Citation282 S.W. 507
PartiesASADORIAN et al. v. SAYMAN.
CourtMissouri Court of Appeals

Appeal from St. Louis Circuit Court; Moses Hartman, Judge.

"Not to be officially published."

Action by Alexander H. Asadorian and another, copartners doing business as A. H. Asadorian & Co., against T. M. Sayman. Judgment for plaintiffs, and defendant appeals. Affirmed.

Hay & Flanagan and Charles E. Morrow, all of St. Louis, for appellant.

William G. Voorhees and Alphonso Howe, both of St. Louis, for respondents.

BENNICK, C.

This is an action brought by plaintiffs against defendant for the alleged conversion of certain rugs.
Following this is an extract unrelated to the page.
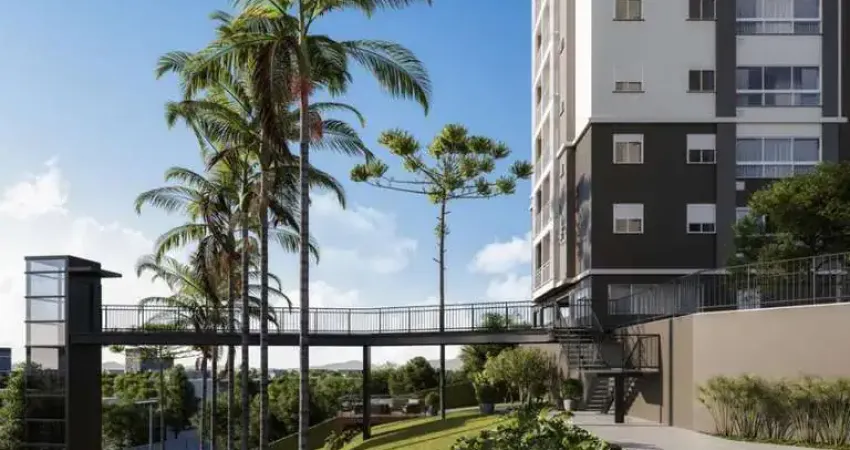 Apartamento para Venda em Joinville, GLORIA, 2 dormitórios, 1 suíte, 2 banheiros, 2 vagas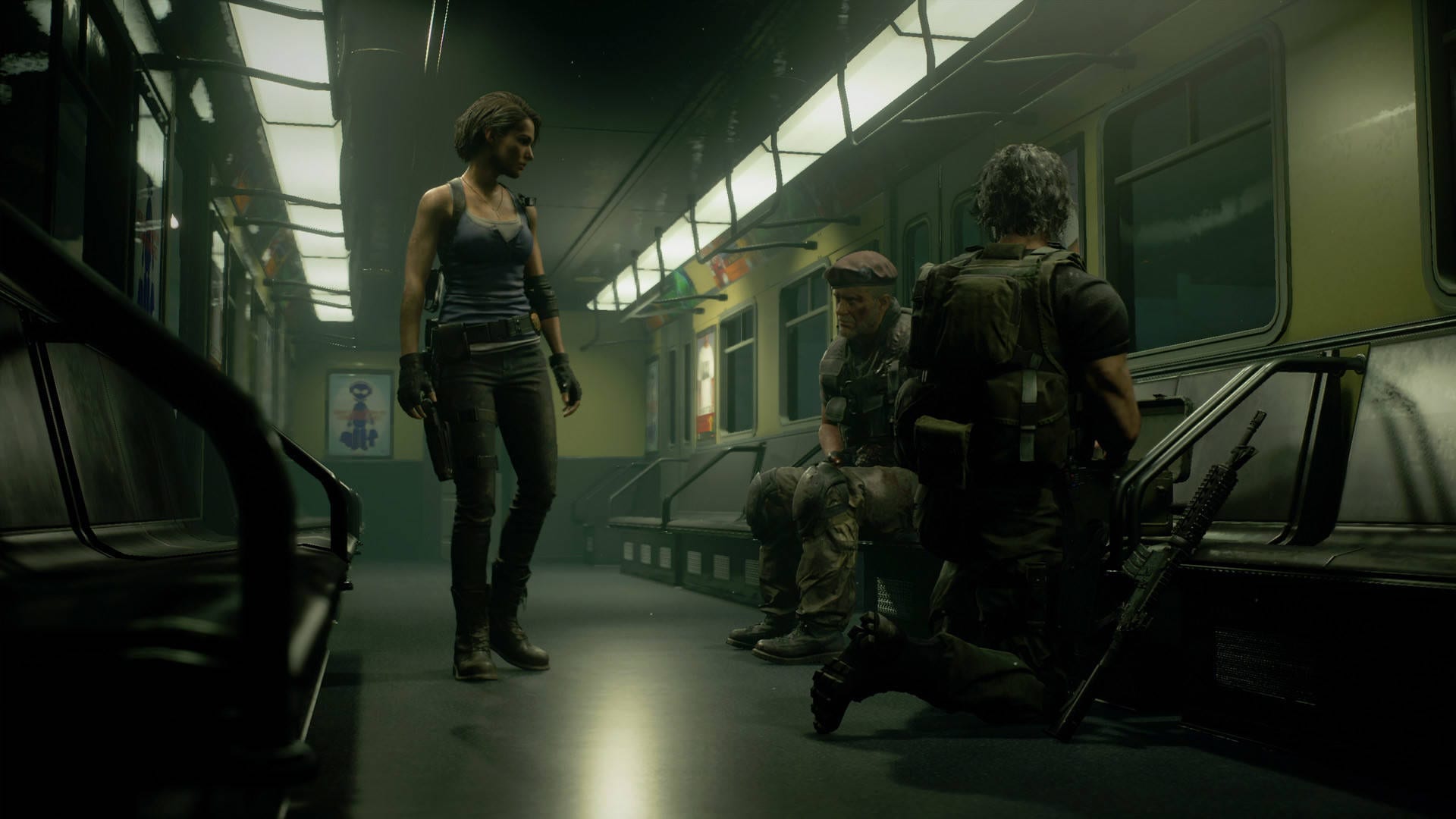 Resident Evil 3 Remake: la demo del gioco sarà disponibile a fine settimana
The petition was originally in three counts, and upon a trial of the case, judgment was rendered for plaintiffs on all three counts, from which an appeal was taken by defendant to the Supreme Court, which court, by its decision reported in 233 S. W. 467, reversed the judgment outright as to counts 1 and 3, and reversed and remanded the judgment as to count 2. Upon the second trial of the case on such count the verdict was for plaintiffs in the sum of $1,200, with interest thereon in the sum of $877.60, aggregating $2,077.60, and judgment rendered thereon, from which defendant has appealed.

The petition alleged that on or about March 14, 1912, plaintiffs were the owners of a certain stock of rugs, 57 in number; that on said date defendant forcibly, willfully, wrongfully, and without color of right, entered the premises of plaintiffs, and took and carried away the said rugs, and unlawfully converted the same to his own use.

The answer was a general denial coupled with a plea of res adjudicate, in that by virtue of the judgment and decree of the Supreme Court it had been finally determined and adjudicated that plaintiffs had breached the provisions of the contract for the sale of rugs entered into between them and defendant, and that the defendant, therefore, had the right to take full possession, charge, and control of the business and premises of plaintiffs. The reply was conventional.

The evidence disclosed that on September 3, 1910, plaintiffs, husband and wife, entered into a written contract with defendant, by the terms of which it was agreed that on said date defendant would supply plaintiffs with a stock of rugs, which they should sell on a commission basis for his account; that defendant would replenish the stock from time to time as was necessary, and that rugs thereafter acquired by plaintiffs during the life of the contract should become the property of defendant and should be sold for his account ; that, upon the failure of plaintiffs to comply with any of the provisions of the contract, defendant should be authorized to take full possession of the premises and business; and that said contract should terminate on January 1, 1912.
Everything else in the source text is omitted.